Cash-strapped airline Air France-KLM on Thursday
unveiled plans to slash costs by over 2 billion euros ($2.5 billion) over the coming three years, by shrinking its fleet,
suspending planned investments and freezing wages.
In a statement, Air France-KLM said its board of directors had decided on Wednesday that, "given the uncertain economic environment and the ongoing imbalance between transport supply and demand," the group would increase capacity by only a little over 5 per cent between 2012 and 2014.
This will lead to a shrinkage of the European group's fleet and a reduction in its investment programme "from over 6 billion euros over the period 2009-11 to below 5 billion euros for the coming three years."
Air France would do that by deferring delivery of some aircraft and not exercising options it had on others.
The company further aimed to reduce its net debt by 2 billion euros to around 4.5 billion euros by the end of 2014.

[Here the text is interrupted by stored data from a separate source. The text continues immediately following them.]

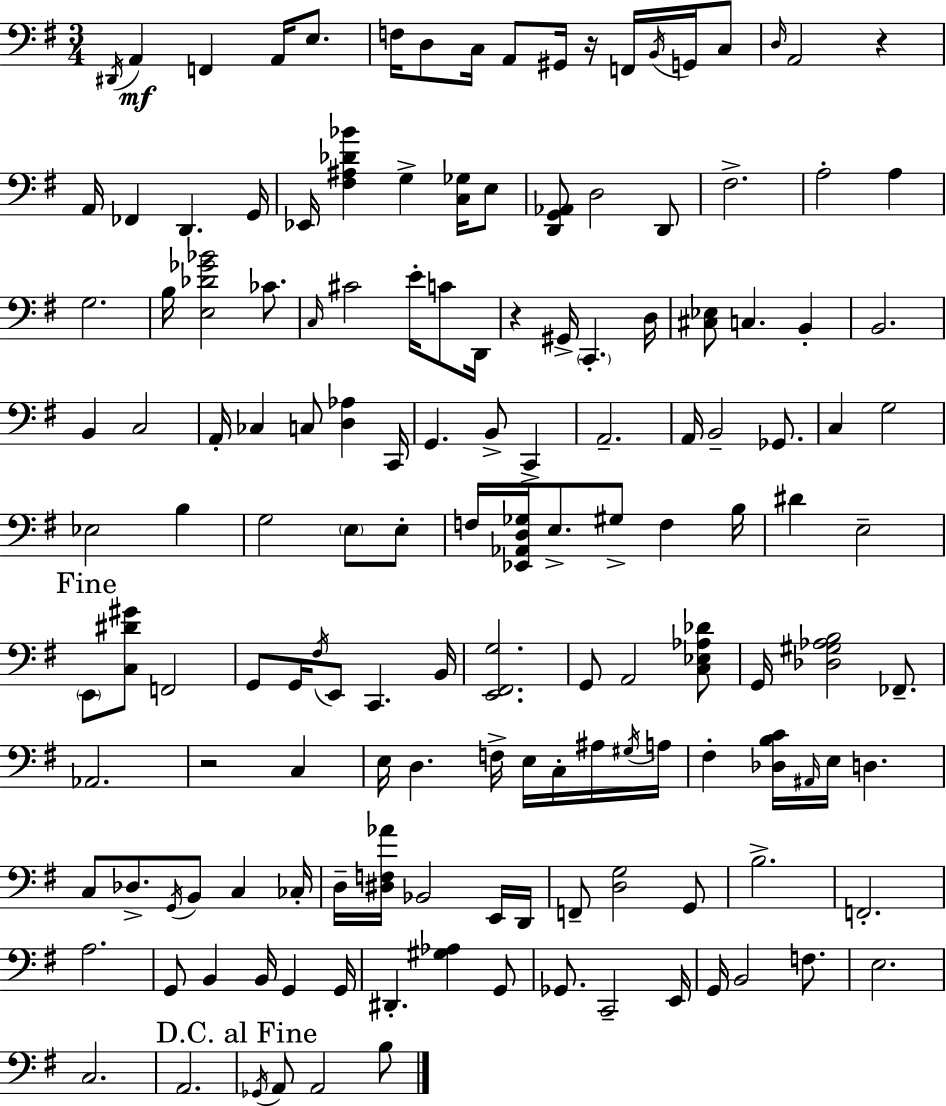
D#2/s A2/q F2/q A2/s E3/e. F3/s D3/e C3/s A2/e G#2/s R/s F2/s B2/s G2/s C3/e D3/s A2/h R/q A2/s FES2/q D2/q. G2/s Eb2/s [F#3,A#3,Db4,Bb4]/q G3/q [C3,Gb3]/s E3/e [D2,G2,Ab2]/e D3/h D2/e F#3/h. A3/h A3/q G3/h. B3/s [E3,Db4,Gb4,Bb4]/h CES4/e. C3/s C#4/h E4/s C4/e D2/s R/q G#2/s C2/q. D3/s [C#3,Eb3]/e C3/q. B2/q B2/h. B2/q C3/h A2/s CES3/q C3/e [D3,Ab3]/q C2/s G2/q. B2/e C2/q A2/h. A2/s B2/h Gb2/e. C3/q G3/h Eb3/h B3/q G3/h E3/e E3/e F3/s [Eb2,Ab2,D3,Gb3]/s E3/e. G#3/e F3/q B3/s D#4/q E3/h E2/e [C3,D#4,G#4]/e F2/h G2/e G2/s F#3/s E2/e C2/q. B2/s [E2,F#2,G3]/h. G2/e A2/h [C3,Eb3,Ab3,Db4]/e G2/s [Db3,G#3,Ab3,B3]/h FES2/e. Ab2/h. R/h C3/q E3/s D3/q. F3/s E3/s C3/s A#3/s G#3/s A3/s F#3/q [Db3,B3,C4]/s A#2/s E3/s D3/q. C3/e Db3/e. G2/s B2/e C3/q CES3/s D3/s [D#3,F3,Ab4]/s Bb2/h E2/s D2/s F2/e [D3,G3]/h G2/e B3/h. F2/h. A3/h. G2/e B2/q B2/s G2/q G2/s D#2/q. [G#3,Ab3]/q G2/e Gb2/e. C2/h E2/s G2/s B2/h F3/e. E3/h. C3/h. A2/h. Gb2/s A2/e A2/h B3/e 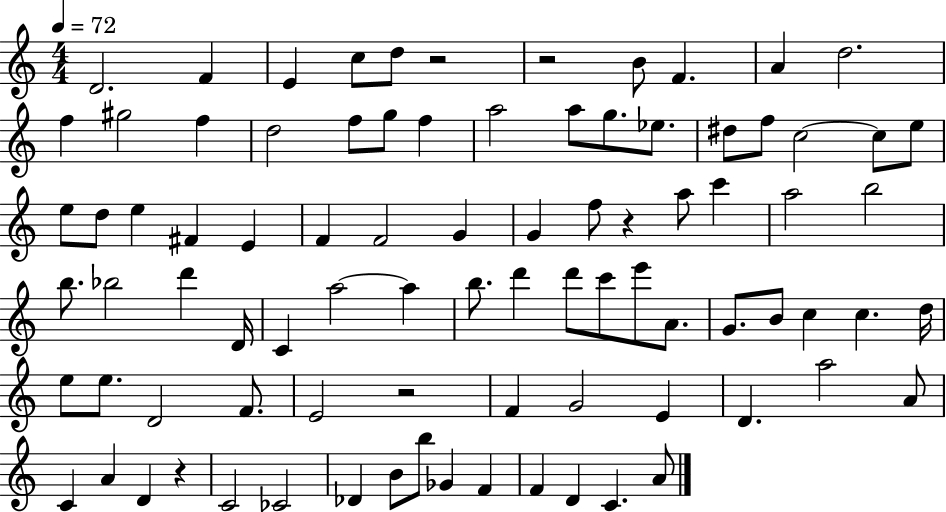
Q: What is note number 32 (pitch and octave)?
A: F4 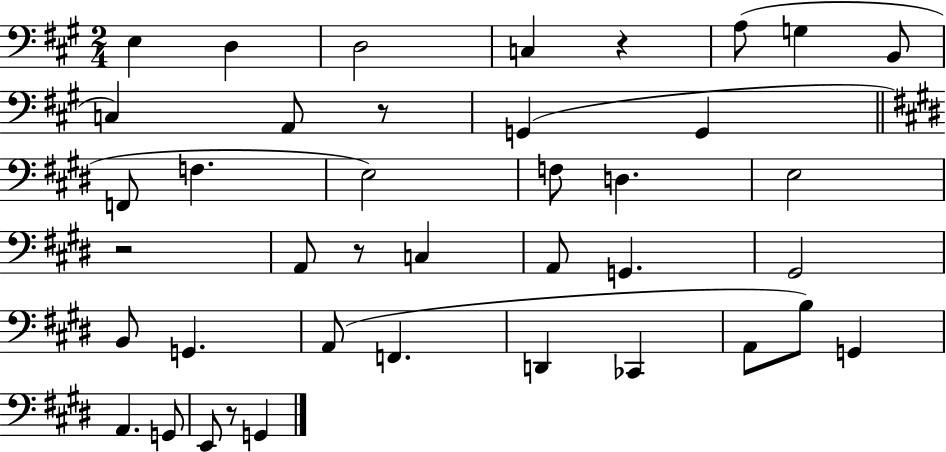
{
  \clef bass
  \numericTimeSignature
  \time 2/4
  \key a \major
  e4 d4 | d2 | c4 r4 | a8( g4 b,8 | \break c4) a,8 r8 | g,4( g,4 | \bar "||" \break \key e \major f,8 f4. | e2) | f8 d4. | e2 | \break r2 | a,8 r8 c4 | a,8 g,4. | gis,2 | \break b,8 g,4. | a,8( f,4. | d,4 ces,4 | a,8 b8) g,4 | \break a,4. g,8 | e,8 r8 g,4 | \bar "|."
} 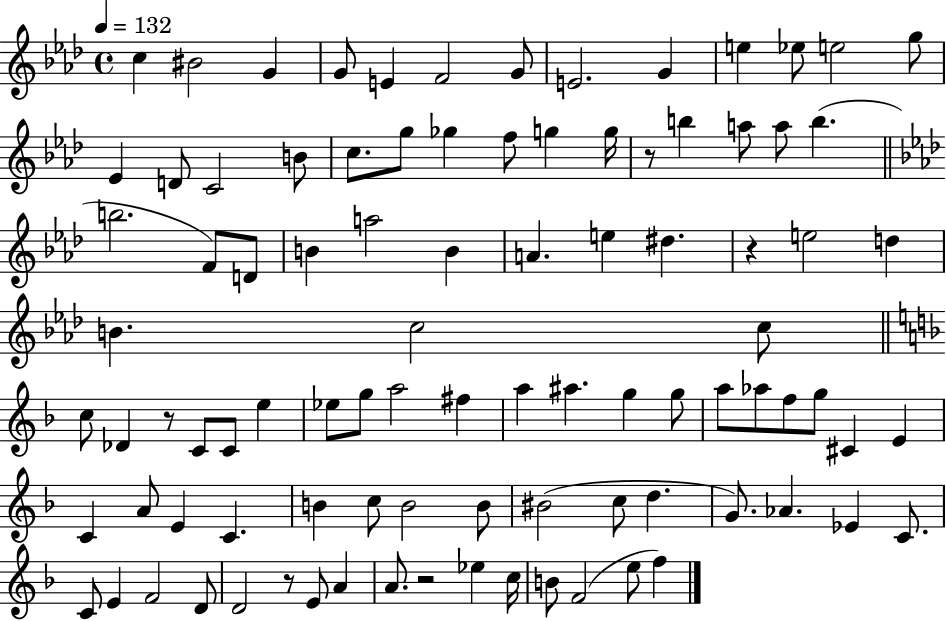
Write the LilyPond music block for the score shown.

{
  \clef treble
  \time 4/4
  \defaultTimeSignature
  \key aes \major
  \tempo 4 = 132
  c''4 bis'2 g'4 | g'8 e'4 f'2 g'8 | e'2. g'4 | e''4 ees''8 e''2 g''8 | \break ees'4 d'8 c'2 b'8 | c''8. g''8 ges''4 f''8 g''4 g''16 | r8 b''4 a''8 a''8 b''4.( | \bar "||" \break \key f \minor b''2. f'8) d'8 | b'4 a''2 b'4 | a'4. e''4 dis''4. | r4 e''2 d''4 | \break b'4. c''2 c''8 | \bar "||" \break \key f \major c''8 des'4 r8 c'8 c'8 e''4 | ees''8 g''8 a''2 fis''4 | a''4 ais''4. g''4 g''8 | a''8 aes''8 f''8 g''8 cis'4 e'4 | \break c'4 a'8 e'4 c'4. | b'4 c''8 b'2 b'8 | bis'2( c''8 d''4. | g'8.) aes'4. ees'4 c'8. | \break c'8 e'4 f'2 d'8 | d'2 r8 e'8 a'4 | a'8. r2 ees''4 c''16 | b'8 f'2( e''8 f''4) | \break \bar "|."
} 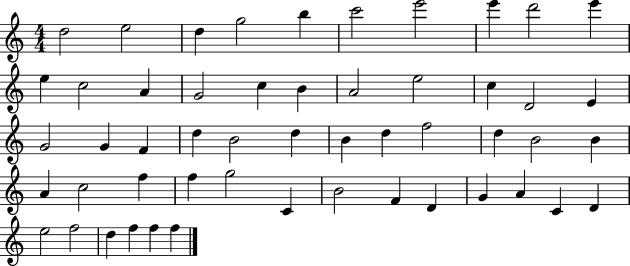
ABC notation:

X:1
T:Untitled
M:4/4
L:1/4
K:C
d2 e2 d g2 b c'2 e'2 e' d'2 e' e c2 A G2 c B A2 e2 c D2 E G2 G F d B2 d B d f2 d B2 B A c2 f f g2 C B2 F D G A C D e2 f2 d f f f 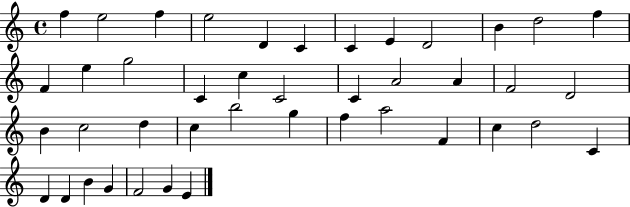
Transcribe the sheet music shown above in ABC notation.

X:1
T:Untitled
M:4/4
L:1/4
K:C
f e2 f e2 D C C E D2 B d2 f F e g2 C c C2 C A2 A F2 D2 B c2 d c b2 g f a2 F c d2 C D D B G F2 G E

One billion euros in cost cutting measures would be implemented "immediately," including a general freeze on pay increases in 2012 and 2013 at Air France, a policy of "wage moderation" at KLM and the continuation of a hiring freeze.
A "transformation plan, encompassing all its businesses," would aim to generate another billion euros in "free cash flow" over three years.
The passenger business, particularly the short- and medium-haul business, would be the main focus of the savings, Air France said. The short- and medium-haul business is estimated to have lost 700 million euros in 2011.
Air France said it might have to outsource more activities, among other measures.
French trade unions said they were prepared to negotiate with the group in order to save jobs.